It might seem as though the ousted CEO of Silicon Valley giant HP and an embattled Congressman from New York would have little in common.

Mark Hurd was a 53-year-old operations whiz and one of the most respected CEOs in America until he stunned Wall Street by resigning following expense account irregularities, other code of conduct violations, and sexual harassment claims that have been settled. Charlie Rangel is the 80-year-old, 20-term representative from Harlem, who is now facing ethics charges that include allegations that he inappropriately lived in rent-controlled apartments and did not pay necessary taxes on an island villa.

One left his post without a public fight, albeit with more than $35 million in his pockets.
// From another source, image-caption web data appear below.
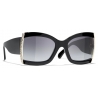 Chanel - Occhiali da Sole Quadrati - Nero Grigio Sfumate - Chanel Eyewear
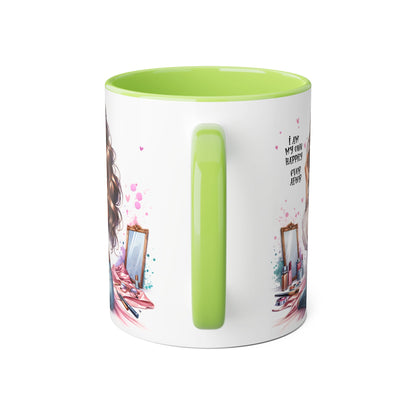 I Am My Own Happily Ever After Empowered Beauty Accent Mug - 11oz Inspirational Coffee Cup for Self-Love and Confidence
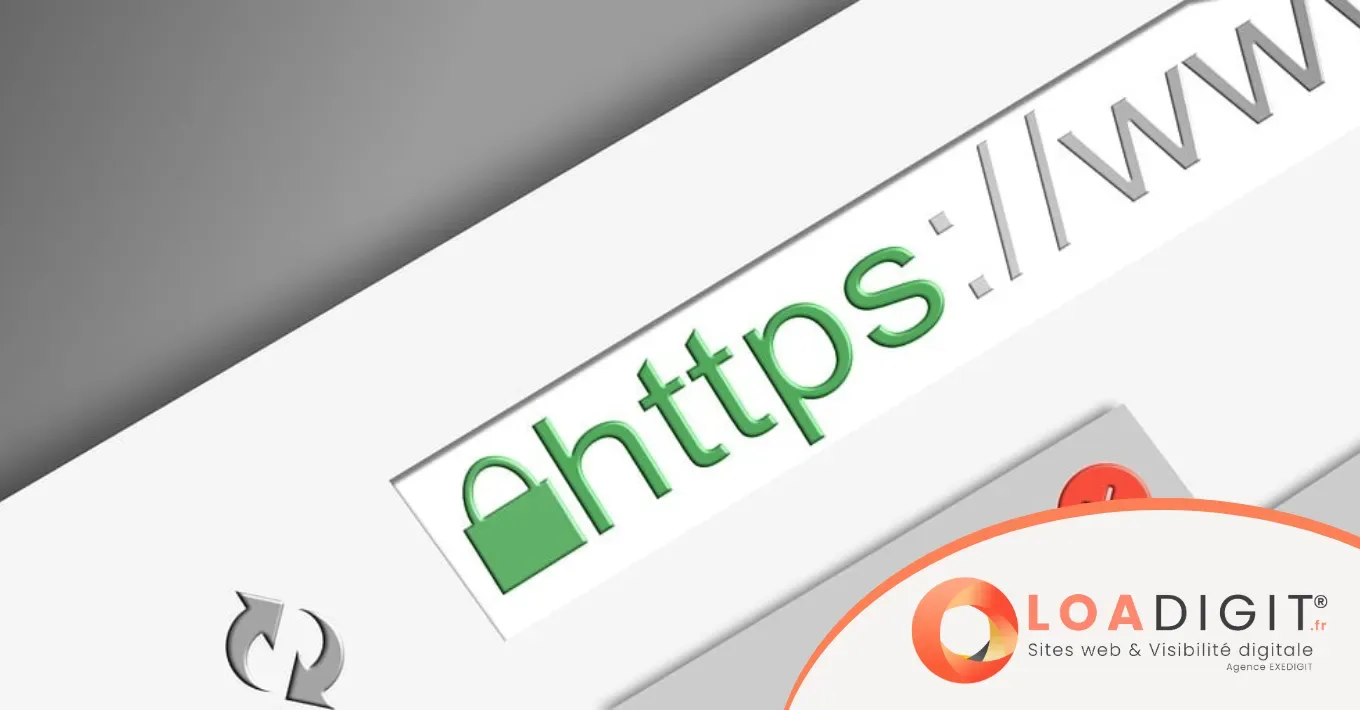 Visuel HTTPS SSL - L'importance d'un site web protégé et sécurisé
The other is battling the charges, setting up a potentially historic public trial.

But both leaders would like their reputations back, thank you very much.

Hurd and Rangel each made headlines today for acts of defiance that surprised their colleagues or peers. In Rangel's case, it was the bizarre, rambling speech he made on the floor of the House on Tuesday, in which he vowed that he was "not going away," complained that no one on his side of the aisle had spoken out on his behalf, and poked fun at President Obama.

Hurd's has been more subtle. The Wall Street Journal is reporting that the company's board was surprised that the ousted CEO didn't go quietly. While his hefty severance payment is subject to a non-disparagement clause, and Hurd supporters like Oracle CEO Larry Ellison have said they were not asked to champion his cause, Hurd reportedly hired crisis communications firm Sitrick & Co. And over the weekend, people familiar with "Hurd's version of events" were anonymously quoted as disputing the board's claims that he misused corporate funds.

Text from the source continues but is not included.